To make matters worse for the teenager, Van Dyk and his mother had submitted applications to leave East Germany, a process that took years to complete. “I used to get beat up a lot because we weren’t members of the Communist Party,” Van Dyk told Rolling Stone years later. “The police were constantly watching us.” Finally, in November of 1989, the Van Dyks were granted permission to leave for West Germany. Although Van Dyk had been training to be a carpenter, he gladly abandoned his studies to make the move; he and his mother departed with just two suitcases and their dog. In one of the ironies of history, on November 9, 1989—just a week after the Van Dyks finally reached the West—the Berlin Wall came down. The freedom that the Van Dyks had fought to claim was now available to everyone, as there were no longer any travel restrictions between what had been East and West Germany.

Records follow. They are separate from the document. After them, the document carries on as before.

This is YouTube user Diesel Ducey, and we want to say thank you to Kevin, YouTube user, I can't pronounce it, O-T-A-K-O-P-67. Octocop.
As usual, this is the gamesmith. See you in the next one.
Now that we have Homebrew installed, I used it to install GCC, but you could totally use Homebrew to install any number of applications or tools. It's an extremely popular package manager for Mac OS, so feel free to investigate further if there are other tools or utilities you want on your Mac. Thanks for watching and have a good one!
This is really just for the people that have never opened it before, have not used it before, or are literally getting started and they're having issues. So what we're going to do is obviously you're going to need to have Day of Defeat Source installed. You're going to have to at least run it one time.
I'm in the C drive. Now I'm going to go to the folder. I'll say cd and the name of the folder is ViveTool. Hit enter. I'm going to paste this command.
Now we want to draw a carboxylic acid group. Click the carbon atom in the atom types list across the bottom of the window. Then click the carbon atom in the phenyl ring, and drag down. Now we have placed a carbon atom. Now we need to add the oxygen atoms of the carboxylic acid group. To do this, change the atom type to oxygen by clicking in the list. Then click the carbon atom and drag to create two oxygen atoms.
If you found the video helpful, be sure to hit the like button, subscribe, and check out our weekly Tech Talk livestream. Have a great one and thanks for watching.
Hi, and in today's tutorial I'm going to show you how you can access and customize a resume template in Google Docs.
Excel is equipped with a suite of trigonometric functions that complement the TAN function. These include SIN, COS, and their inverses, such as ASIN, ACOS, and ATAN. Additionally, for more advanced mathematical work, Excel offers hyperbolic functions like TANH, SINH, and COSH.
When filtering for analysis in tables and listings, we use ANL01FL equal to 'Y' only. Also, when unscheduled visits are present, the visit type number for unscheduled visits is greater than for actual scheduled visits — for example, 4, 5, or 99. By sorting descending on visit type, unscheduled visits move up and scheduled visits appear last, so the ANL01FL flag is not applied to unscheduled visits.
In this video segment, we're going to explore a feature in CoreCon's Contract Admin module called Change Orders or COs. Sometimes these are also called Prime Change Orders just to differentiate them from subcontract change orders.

Although Van Dyk had a superficial familiarity with western music and culture, life in the former West Berlin still had its challenges. The adjustment to the abundance of consumer items in the West was but one of many such changes. “Imagine that having a Mars bar is a once-a-year experience for you,” Van Dyk told DJ Mag, “and going for the first time into a supermarket in West Berlin, and being speechless because fifty Mars bars are just laying around on the shelf, and nobody is fighting over them—and trying to realize that this is normal.” Facing the struggle along with his mother, who had left everything behind in the East, Van Dyk quickly found his footing in Berlin’s dance club scene, where techno music—especially hard-driving, industrial-oriented Detroit techno—was all the rage. From making his own dance mix tapes for himself and his friends, Van Dyk went to deejaying at Berlin’s leading dance club, Tresor, just over a year after making it to the West.

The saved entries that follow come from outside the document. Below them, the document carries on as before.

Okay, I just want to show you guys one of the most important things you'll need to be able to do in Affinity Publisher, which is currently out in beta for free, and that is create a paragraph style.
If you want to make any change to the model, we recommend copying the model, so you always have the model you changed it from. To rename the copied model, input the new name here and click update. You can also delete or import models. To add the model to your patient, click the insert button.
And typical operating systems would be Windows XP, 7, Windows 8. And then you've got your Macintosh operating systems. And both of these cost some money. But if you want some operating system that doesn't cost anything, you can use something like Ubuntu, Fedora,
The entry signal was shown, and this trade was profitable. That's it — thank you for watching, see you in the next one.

Van Dyk quickly developed a reputation as a masterful deejay, able to create and sustain a soaring emotional mood on the dance floor. As he told Sean Flinn of the Choler Magazine website, “The most important part is the interaction between the DJ and the crowd. The crowd and the reaction of the crowd and the way the crowd just goes for it is at least as important as the quality of the records that the DJ plays.” In addition to his deejay work, Van Dyk also began to produce his own mixes of songs in 1992 under contract with independent German label MFS. Although his relationship with the label would later degenerate into lawsuits over control of his work, Van Dyk continued to create remixes for MFS that made him a well-known deejay and producer. In 1994 Van Dyk released his first album in
For the Record…
Born on December 16, 1971, in Eisenhuettenstadt, Germany.

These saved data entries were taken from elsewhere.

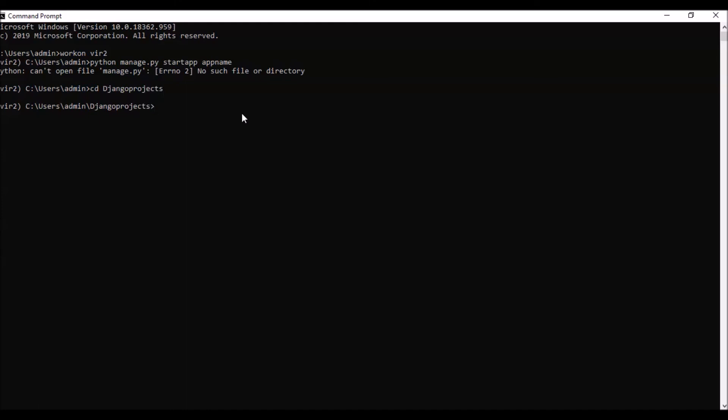Now I have a small hint for you. If you want to write the python manage.py startapp app name directly, you can click upon the upper arrow key and it would come. You can click upon enter and it will create an app in your Django projects.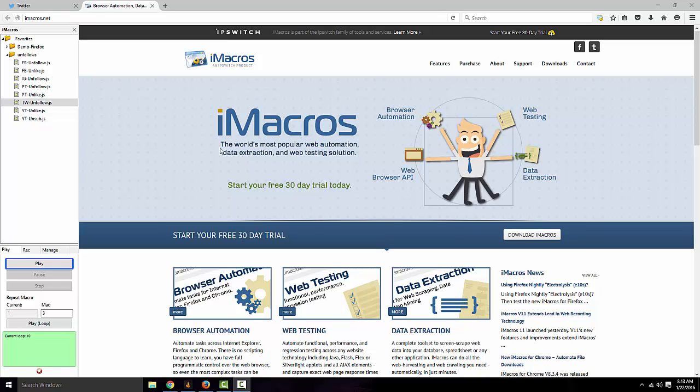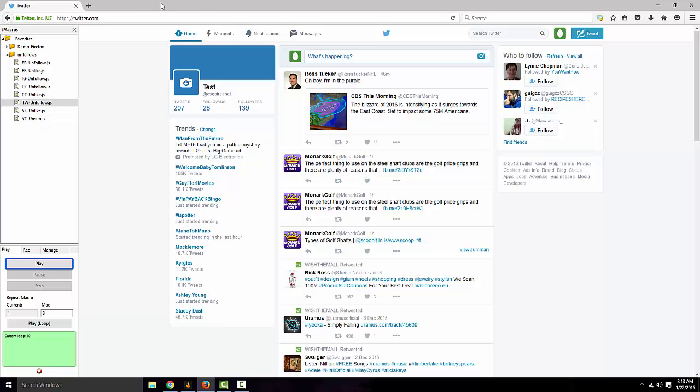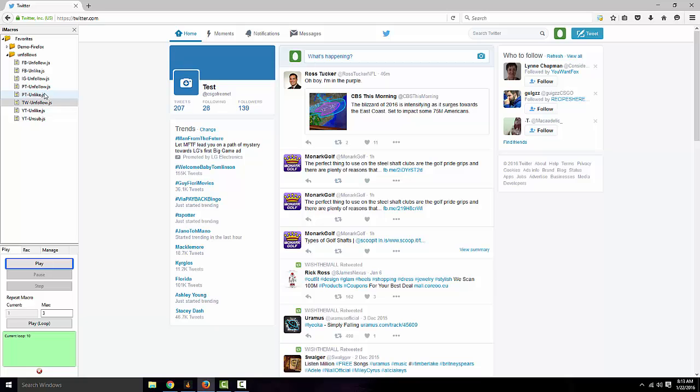So, what you're going to want to go ahead and do is get that installed, and once you get that installed, you'll notice the icon up here, and this will simply open up this little section on here. I'm going to have a script in the description, this Twitter unfollow script, I'll have it in the description.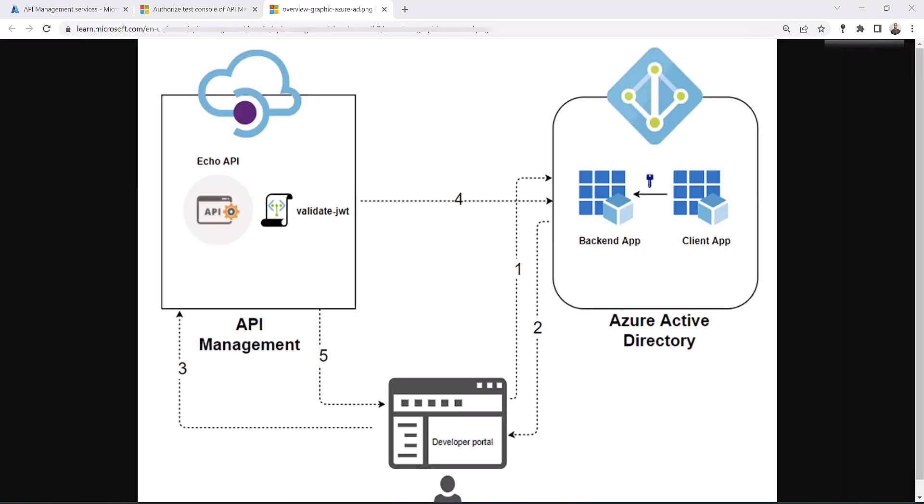Hi everyone. In this video we are going to see how we can use Azure Active Directory to protect back-end APIs in our API management. As you can see in this diagram there are a lot of moving pieces, so we will try to break them apart and make it simple for you.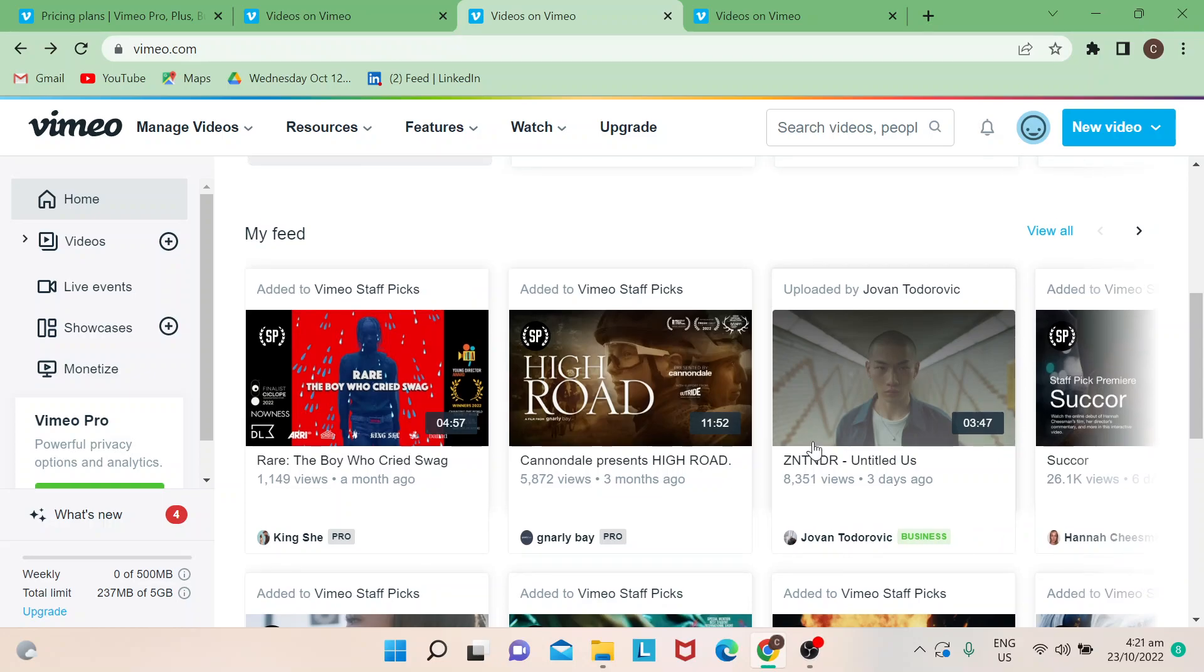Hello everyone, welcome back to our channel. For today's video I will show you how to add captions in Vimeo. Let's start. Adding captions would allow you to put a description of the video that you upload.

Worked as deejay and producer, 1990s; released first album, 45 R.P.M., 1994; released second album, Seven Ways, 1996; issued third album, Out There and Back, 2000.
Addresses: Home— P.O. Box 460 429, 12214 Berlin, Germany. Record company —Mute Records (U.S.), 429 Harrow Road, London W10 4RE, England, website: http://www.mute.com; Deviant Records (International), website: http://www.deviant.co.uk; Vandit Records (Germany), website: http://www.vandit.com. Website —Paul Van Dyk Official Website: http://www.paulvandyk.de.
Germany, 45 R.P.M., which came out in England and America four years later.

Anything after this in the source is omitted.